Today King County Public Health formally apologized for the acid-contaminated water supply that caused widespread hallucinations over the last two weeks of an omnipresent zebra deity, and skies that were either a perfect cloudless blue or a psychedelic kaleidoscope of every visible color in the electromagnetic spectrum.

“Once again, we don’t know how the entire region’s water supply got dosed, but we hope everyone at least enjoyed spending the first half of the month basically living in a Lisa Frank illustration,” said King County Public Health Director Faisal Khan, dressed in head-to-toe tie-dye. “I personally quite enjoyed feeling like an ever-present Zebra She-God was always with me whether I was at the top of the Space Needle, on the ferry, or at the Pike Place Fish Market on a perfect bluebird day. I didn’t mind the completely crazy illusion that the Northern Lights could come this far south looking like an actual rainbow-colored jellyfish spreading out over our heads either. But I’m happy to report it’s all over now because I know that stuff isn’t everyone’s cup of Ayahuasca tea.”

The news came as a relief to local dorks who go to bed before 9 on Friday nights.

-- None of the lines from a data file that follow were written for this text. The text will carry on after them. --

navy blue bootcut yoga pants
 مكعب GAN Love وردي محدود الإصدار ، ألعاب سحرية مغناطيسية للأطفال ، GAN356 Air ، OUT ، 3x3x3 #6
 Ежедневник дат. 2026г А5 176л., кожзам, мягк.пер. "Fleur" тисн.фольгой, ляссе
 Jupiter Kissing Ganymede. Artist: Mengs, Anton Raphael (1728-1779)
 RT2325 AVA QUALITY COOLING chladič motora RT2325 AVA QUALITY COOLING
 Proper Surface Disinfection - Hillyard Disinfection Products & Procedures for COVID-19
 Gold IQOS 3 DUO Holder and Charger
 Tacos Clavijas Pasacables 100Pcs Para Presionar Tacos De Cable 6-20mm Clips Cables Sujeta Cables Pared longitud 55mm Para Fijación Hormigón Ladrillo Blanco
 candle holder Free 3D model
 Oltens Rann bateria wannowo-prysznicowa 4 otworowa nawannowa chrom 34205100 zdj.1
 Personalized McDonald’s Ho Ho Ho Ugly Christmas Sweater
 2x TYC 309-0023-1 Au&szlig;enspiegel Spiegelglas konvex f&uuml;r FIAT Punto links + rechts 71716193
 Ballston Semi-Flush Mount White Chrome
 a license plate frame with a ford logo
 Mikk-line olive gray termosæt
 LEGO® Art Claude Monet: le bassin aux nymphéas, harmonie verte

“Oh my gosh, I almost thought I’d missed a probably once-in-a-life natural phenomenon literally happening right over my head the way people kept talking about the Aurora Borealis making it all the way down to Seattle Friday night,” said Seattle resident Mike Wilson. “It’s good to know that a free light show in the sky so beautiful it could make you cry didn’t really happen and I didn’t really miss anything.”

At press time, there were reports that traces of hallucinogens may still be present in the local water supply after several people reported seeing news today that Mayor Bruce Harrell somehow won a “Best Elected Official” award from the MLK Labor Council.